I’ve had some time to think about my appointment with the neurologist now, and to be honest, I’m more confused than ever. I went into the appointment somewhat resigned to having new tablets lined up in front of me, and I walked out with a completely different answer.

I knew before that not all of my seizures were caused by epilepsy, and hey, I can cope with that, even if every doctor ever seems to give me a different explanation for the phenomenon, and a different name. So far the one common label I’ve been handed (amongst a myriad of differing descriptors) is “dissociative seizures”, so I’ll stick with it for now, although I have no idea if that gives the condition I have a name at all. The impression I got the other week was that this whole aspect is a dawning revelation to the medical profession, having arrived only in the last few years. I’ve yet to brave google with any real seriousness and try to find out much more than a basic descriptor.

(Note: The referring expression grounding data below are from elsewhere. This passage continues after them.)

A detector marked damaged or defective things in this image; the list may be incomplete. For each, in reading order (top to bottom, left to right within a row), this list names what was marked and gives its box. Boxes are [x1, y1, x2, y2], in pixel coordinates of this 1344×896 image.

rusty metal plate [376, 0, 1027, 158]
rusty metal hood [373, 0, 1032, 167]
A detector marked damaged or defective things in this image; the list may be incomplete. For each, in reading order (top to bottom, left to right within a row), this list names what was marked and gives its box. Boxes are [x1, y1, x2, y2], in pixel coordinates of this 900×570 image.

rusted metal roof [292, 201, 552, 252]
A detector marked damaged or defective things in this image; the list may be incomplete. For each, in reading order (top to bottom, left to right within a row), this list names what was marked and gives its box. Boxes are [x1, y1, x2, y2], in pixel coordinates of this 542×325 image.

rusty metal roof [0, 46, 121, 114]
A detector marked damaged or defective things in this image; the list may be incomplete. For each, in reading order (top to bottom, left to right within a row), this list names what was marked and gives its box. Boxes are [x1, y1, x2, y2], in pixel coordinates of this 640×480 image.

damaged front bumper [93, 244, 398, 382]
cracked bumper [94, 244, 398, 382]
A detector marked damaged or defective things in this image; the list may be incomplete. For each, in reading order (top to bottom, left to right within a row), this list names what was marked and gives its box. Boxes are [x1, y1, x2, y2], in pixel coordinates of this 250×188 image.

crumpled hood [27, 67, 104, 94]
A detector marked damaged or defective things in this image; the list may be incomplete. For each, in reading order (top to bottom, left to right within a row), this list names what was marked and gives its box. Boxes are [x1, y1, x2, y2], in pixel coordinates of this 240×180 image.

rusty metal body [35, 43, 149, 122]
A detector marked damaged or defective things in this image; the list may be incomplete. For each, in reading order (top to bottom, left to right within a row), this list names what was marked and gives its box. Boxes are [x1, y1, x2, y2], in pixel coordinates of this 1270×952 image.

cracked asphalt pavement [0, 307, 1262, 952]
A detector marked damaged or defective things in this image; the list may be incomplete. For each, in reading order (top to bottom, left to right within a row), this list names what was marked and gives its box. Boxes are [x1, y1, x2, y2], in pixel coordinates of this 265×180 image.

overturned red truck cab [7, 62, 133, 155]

I guess the trouble I have with the latest prognosis – and I’d like to stress that it is a minor trouble – is how this will affect the way other people view me. At the moment, I still have the “epilepsy” tag hovering around me – that first EEG had its pesky unusual activity associated with a myoclonic jerk (the one seizure type which has pretty much stopped since I started taking Keppra). For that reason, the neurologist doesn’t want me to stop taking the tablets yet, even though I am probably taking far more than is necessary to stop what I used to call my “twitches”. But I walked away (stupidly, really; I was caught up in the excitement that I might, at last, have an “answer”) without actually knowing what is “wrong” with me any more. Do I really have epilepsy? Don’t I? Am I just suffering from a dramatic reaction to stress? I should have asked her to clarify what this would mean about my current diagnosis. Was I misdiagnosed? Or was the emphasis just in the wrong place? Where do I stand now?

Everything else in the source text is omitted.